Sun Discovers Dumb Terminals
Yahoo has a story about how Sun is practicing a sort of floating workforce - many employees have no permanent desks, they just come in and log on to a dumb terminal, err, thin client. Besides being a sneaky way to encourage employees to arrive ever earlier at work, it probably is cheaper to run the business off a few large Sun servers - at least for Sun.
They tried this a while back - get to work, go to a window, get your laptop and cell phone, head off to work in your 'office', the caf, outside, etc. They ditched it after finding it was hell to find anyone to have a meeting, which is still necessary no matter how much cyber you want to throw at a situation.

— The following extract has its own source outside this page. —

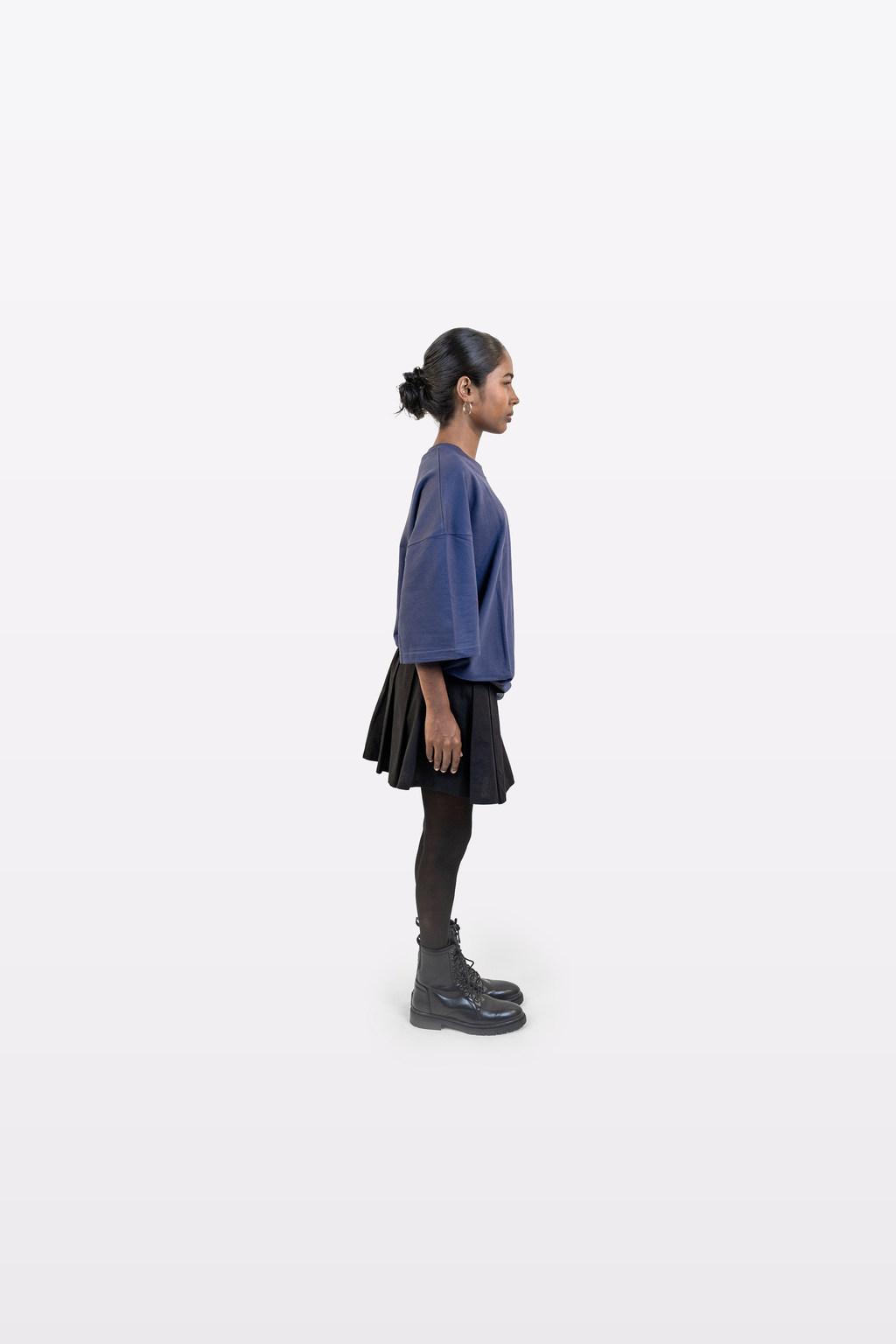 Model wearing Harper Slein oversized t-shirt in Compass Blue styled with a black skirt and boots, side profile view, on a white background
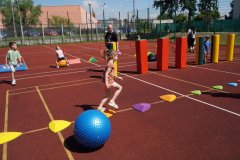 Sportowe aktywności dla dzieci na boisku szkolnym - bieg z pokonywaniem przeszkód.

One manager had a two-around rule - if he had to walk around the campus twice to find someone he needed, screw them - go on to something workable.
"Win treats sysadmins better than users. Mac treats users better than sysadmins. Linux treats everyone like sysadmins."
they called it musical chairs
I hope that someday we will be able to put away our fears and prejudices and just laugh at people. - Jack Handey
Scene: A staff meeting is in progress...
PHB With Diagram: We're taking away your cubicles. In the new system you'll sign up for whatever cube is open that day.
PHB: It's based on the model of public restrooms. But I call it "hotelling" because it increases my chances of getting tips.
PHB: Each cubicle will have a computer, a chair, and a roll of note paper ... take on and pass it around. [Hands out notepaper roll which looks like toilet paper roll.]
...but it pisses everyone off because I'm the only one doing it so I leave my crap everywhere.
Small potatoes make the steak look bigger.
"'You come in early, you get a good a parking space, you get a good office.' Chief Executive Scott McNealy has summed up the iWork program. "
How early do I have to come in to get Scott's office?
So let me get this straight...
I don't know whether to laugh or cry.